- [Your objective]:
Print, exactly as they appear in the listing below, the lines from the line with "Red Wine-Braised Lamb Shanks" to the line with "senacacollection Capybara (KAPIBARA)", with both end lines kept.

- [Provided data]:
==============================

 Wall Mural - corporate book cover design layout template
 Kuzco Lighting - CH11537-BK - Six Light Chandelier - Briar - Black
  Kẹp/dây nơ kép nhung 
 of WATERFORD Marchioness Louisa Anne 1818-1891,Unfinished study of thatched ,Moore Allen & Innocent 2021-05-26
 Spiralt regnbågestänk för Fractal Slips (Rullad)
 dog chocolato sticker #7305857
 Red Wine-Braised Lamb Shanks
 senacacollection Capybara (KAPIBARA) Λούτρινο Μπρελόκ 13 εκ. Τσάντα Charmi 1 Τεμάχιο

==============================

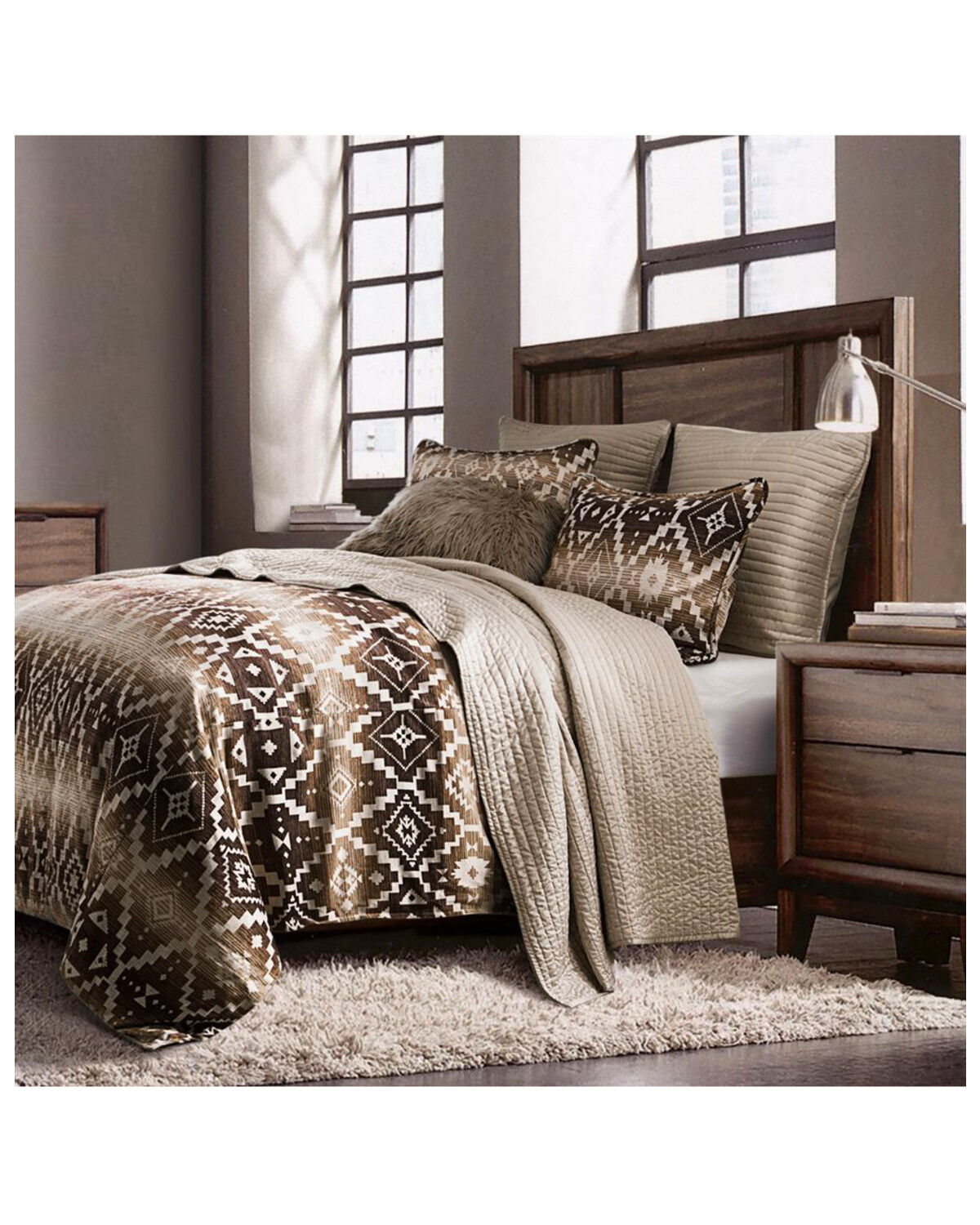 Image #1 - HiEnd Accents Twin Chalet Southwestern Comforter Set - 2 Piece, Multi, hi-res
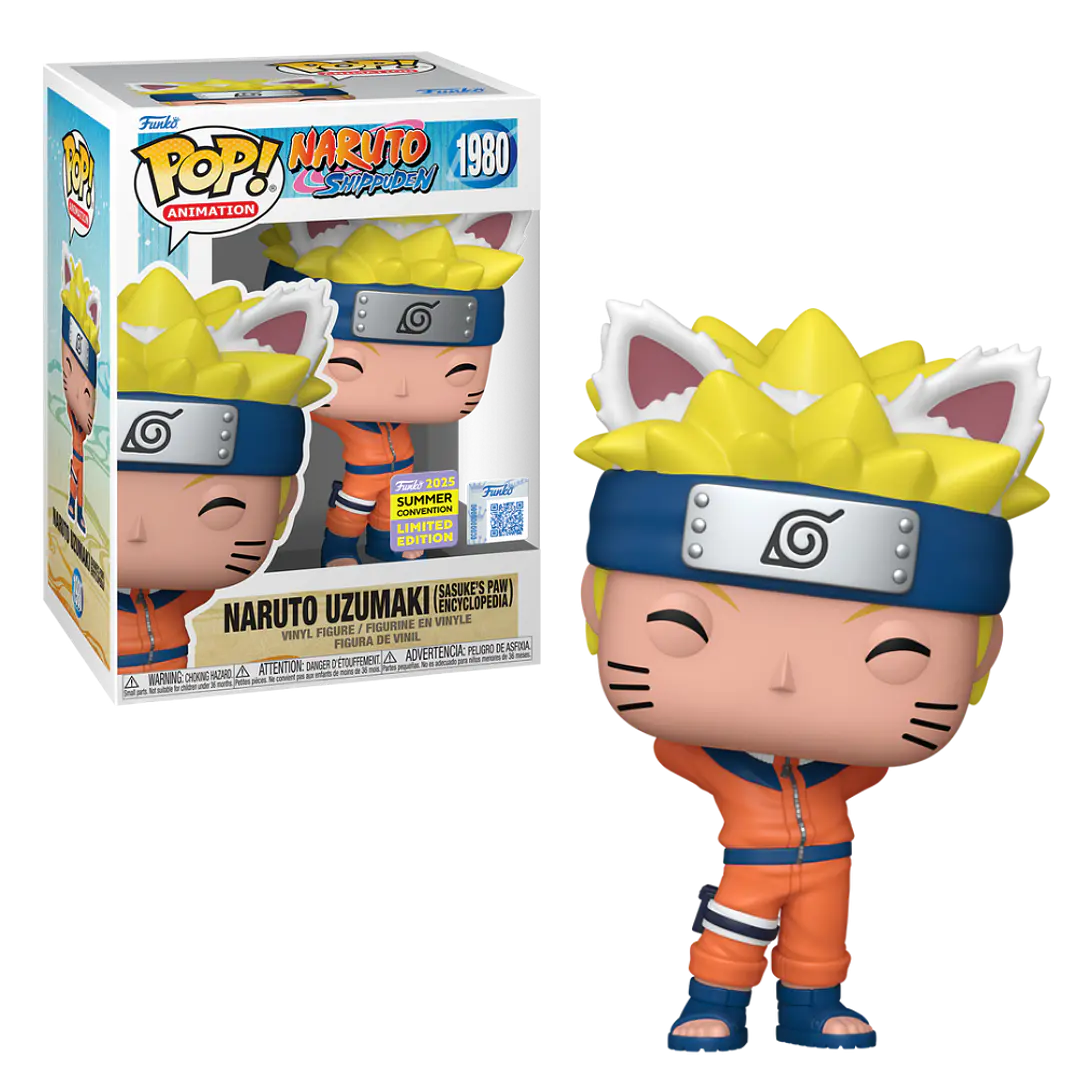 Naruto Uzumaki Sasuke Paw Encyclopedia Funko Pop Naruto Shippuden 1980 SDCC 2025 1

==============================

- [Expected answer]:
 Red Wine-Braised Lamb Shanks
 senacacollection Capybara (KAPIBARA) Λούτρινο Μπρελόκ 13 εκ. Τσάντα Charmi 1 Τεμάχιο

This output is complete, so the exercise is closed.